The French director Olivier Py makes his debut at the Holland Festival with a production of Benjamin Britten's Curlew River opera; this staging of one of the 20th-century most powerful religious musical dramas, a Christian parable developed from a Japanese Noh theatre play, was originally created for the Edinburgh Festival to be transferred later to Opéra National de Lyon - the opera company behind the forthcoming performances at the festival. Olivier Py loves the theatre in all its diversity; his works feature the wildest genre fusions: cabaret and vaudeville rub shoulders with tragedy and the political, philosophical and mythological material forms new conceptual interconnections. In his production of Curlew River, Olivier Py takes the spectator to a world of deep suffering and divine illumination. The festival organisers cite this work as a profound artistic experience.
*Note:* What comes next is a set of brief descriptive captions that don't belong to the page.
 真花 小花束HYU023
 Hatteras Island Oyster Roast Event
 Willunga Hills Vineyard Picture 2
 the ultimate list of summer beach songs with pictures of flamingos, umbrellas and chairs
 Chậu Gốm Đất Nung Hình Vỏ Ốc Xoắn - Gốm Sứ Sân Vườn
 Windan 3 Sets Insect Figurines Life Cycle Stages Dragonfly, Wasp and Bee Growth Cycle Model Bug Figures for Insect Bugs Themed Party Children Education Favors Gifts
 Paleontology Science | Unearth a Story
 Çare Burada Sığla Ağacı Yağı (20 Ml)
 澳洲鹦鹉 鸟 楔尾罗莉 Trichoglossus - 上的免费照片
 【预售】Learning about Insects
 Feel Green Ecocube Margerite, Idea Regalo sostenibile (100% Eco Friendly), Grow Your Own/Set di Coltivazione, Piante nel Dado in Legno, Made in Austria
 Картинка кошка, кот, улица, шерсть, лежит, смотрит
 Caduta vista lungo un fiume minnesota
The Holland Festival offers an opportunity to see two productions of the transcontinental Bridge Project by the London Old Vic and New York Brooklyn Academy of Music. The idea behind the Bridge Project was staging some of the world's greatest plays to show the productions featuring great contemporary actors on both sides of the Atlantic. Both productions - Shakespeare's As You Like It and Tempest - were directed by the British filmmaker Sam Mendes (American Beauty, Road to Perdition).
The festival programme includes a real Dostoyevsky marathon - I Demoni, an eleven and half-hour production of Demons, the creation of the legendary German director Peter Stein and actors of the Tieffe Teatro Milano company; the production which was born at the director's Italian country estate. The critics - who have been quite harsh about Stein's work for years - have hailed I Demoni as a new page in the director's career.
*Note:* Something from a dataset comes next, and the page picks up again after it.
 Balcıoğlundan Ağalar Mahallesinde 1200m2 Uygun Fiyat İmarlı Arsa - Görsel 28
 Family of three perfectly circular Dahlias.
The Holland Festival also provides a rare opportunity to see the Latvian director Alvis Hermanis' production of Shukshin's Stories at the Moscow State Theatre of Nations. Another production well worth catching is the South African director William Kentridge's video animation performance Telegrams from the Nose which refers back to the Soviet Union of the 1920s, the Russian avant-garde era of great expectations, the time when Dmitry Shostakovich wrote his Nose opera based on the story by Nikolai Gogol and a whole generation of artists and musicians was wiped out by the Stalin regime.
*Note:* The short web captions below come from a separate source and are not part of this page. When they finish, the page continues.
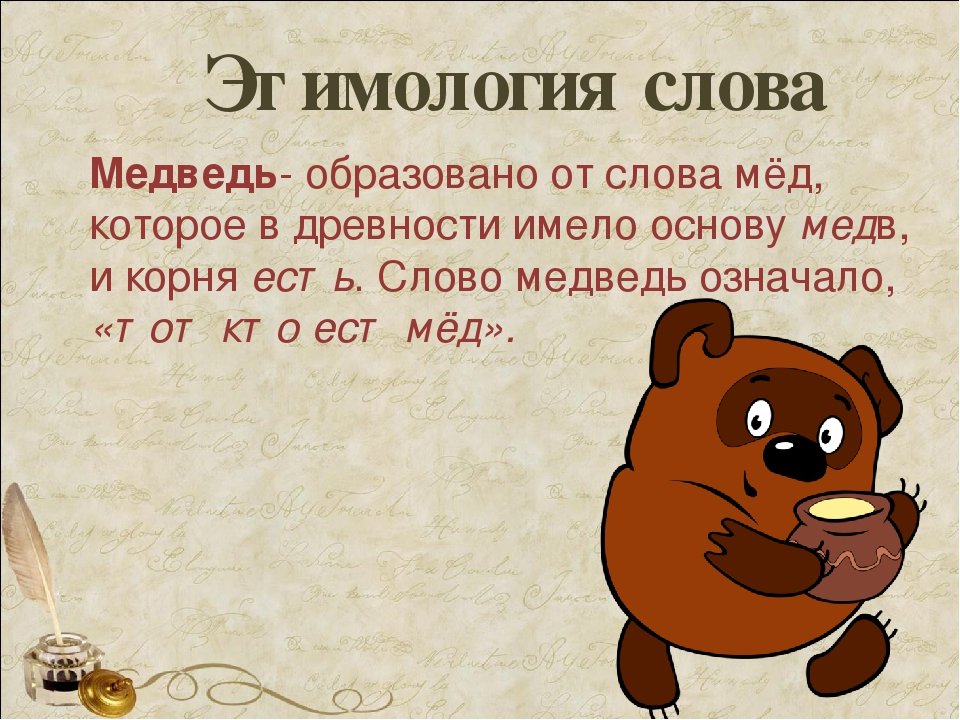Любое слово в поиске. Этимология слова медведь. Этимология слова. Просхождениеслова медведь. Медведь происхождение слова этимология.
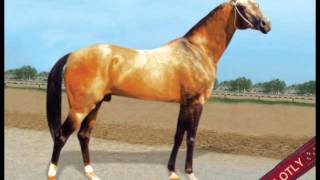 AkhalTeke Turkmen horses [upl. by Lrub]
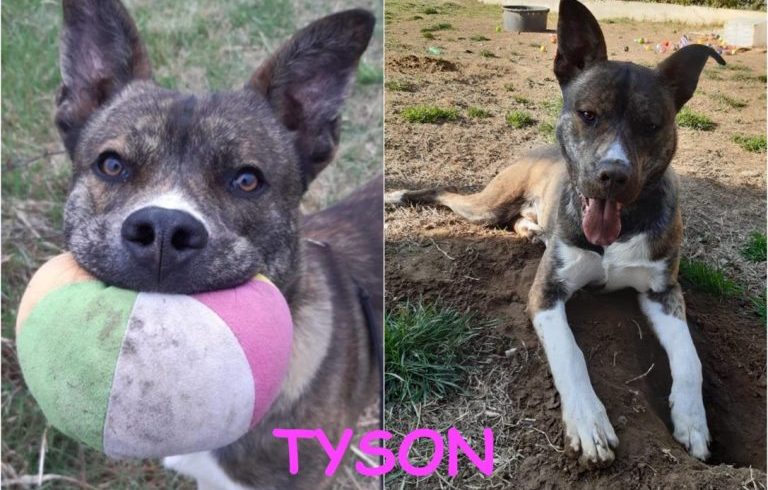 Tyson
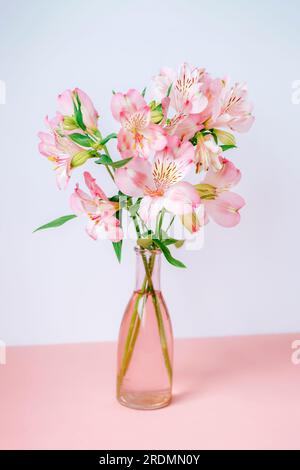 Vase avec fleurs alstroemeria sur table rose contre mur blanc. Nature morte. Banque D'Images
Alongside the main programme and throughout June, the festival also features a string of free-admission events, including Mortuos Plango, Vivos Voco (1980), a thirty-year old electronic piece written by the British composer Jonathan Harvey - a study of the sounds of the great bell of Winchester Cathedral, accompanied by the cathedral choir. The Visual Kitchen video-collective from Brussels has transformed this classical piece of electronic music into a contemporary spatial experience, inviting the spectator/listener into a universe of sound and images.